*** Opening EXCERPTED RECORDS ***
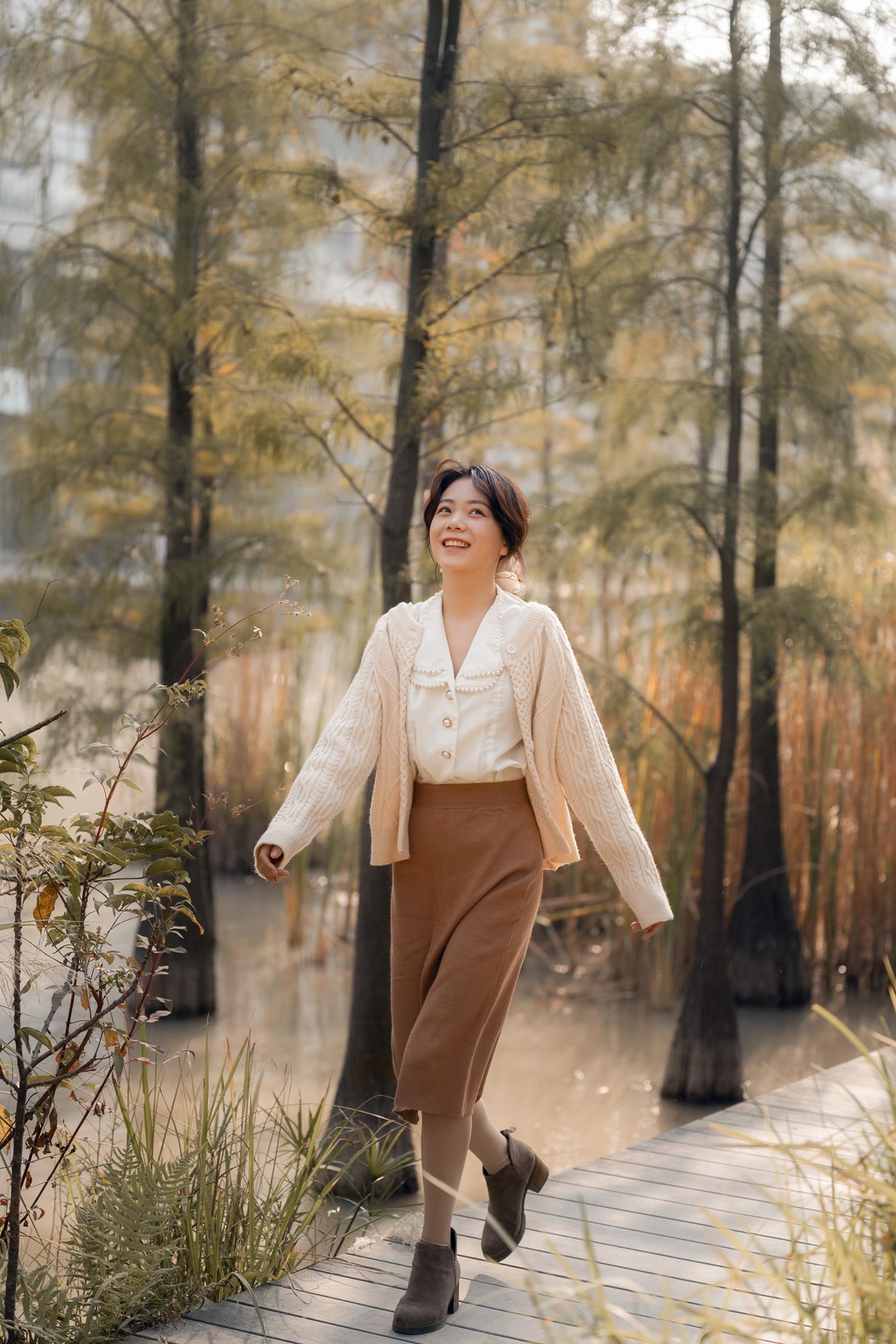 图片[26]-[YITUYU艺图语] 2022.02.14 秋天的诗 杜杜 [24P] – 速更版-美库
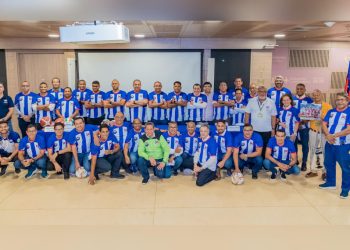 UNIMAGDALENA lanzó nueva Secretaría Deportiva de la Asociación de Profesores ASPU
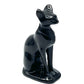 Obsidian Cat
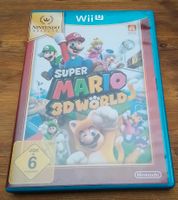 Super Mario 3D World Wii U Niedersachsen - Drangstedt Vorschau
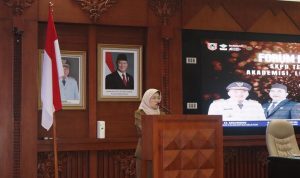 Disdukcapil Kalsel Fokuskan Peningkatan Kualitas Layanan dan Penanganan Isu Kependudukan di Penyusunan Renstra 2025-2029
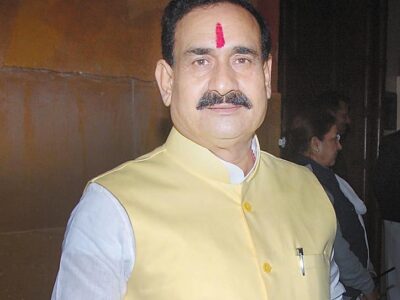 गृह मंत्री डॉ. मिश्रा इटारसी में पुलिस आवासों का करेंगे लोकार्पण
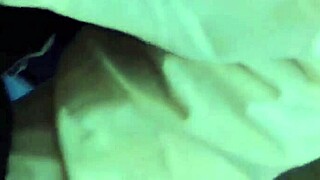 Neighbor Fucks Me Hard Creampie Squirting Drains Every Cum Drop!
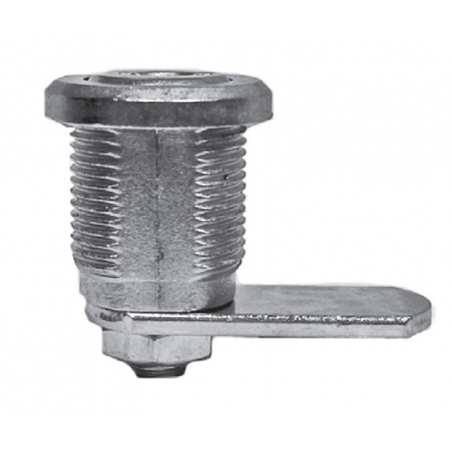 Zylinder-Hebelschloss Burg Wächter B I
*** Closing EXCERPTED RECORDS ***
Copy out every line of the material above exactly, skipping the pictures.

* ANSWER BELOW *
 图片[26]-[YITUYU艺图语] 2022.02.14 秋天的诗 杜杜 [24P] – 速更版-美库
 UNIMAGDALENA lanzó nueva Secretaría Deportiva de la Asociación de Profesores ASPU
 Obsidian Cat
 Super Mario 3D World Wii U Niedersachsen - Drangstedt Vorschau
 Disdukcapil Kalsel Fokuskan Peningkatan Kualitas Layanan dan Penanganan Isu Kependudukan di Penyusunan Renstra 2025-2029
 गृह मंत्री डॉ. मिश्रा इटारसी में पुलिस आवासों का करेंगे लोकार्पण
 Neighbor Fucks Me Hard Creampie Squirting Drains Every Cum Drop!
 Zylinder-Hebelschloss Burg Wächter B I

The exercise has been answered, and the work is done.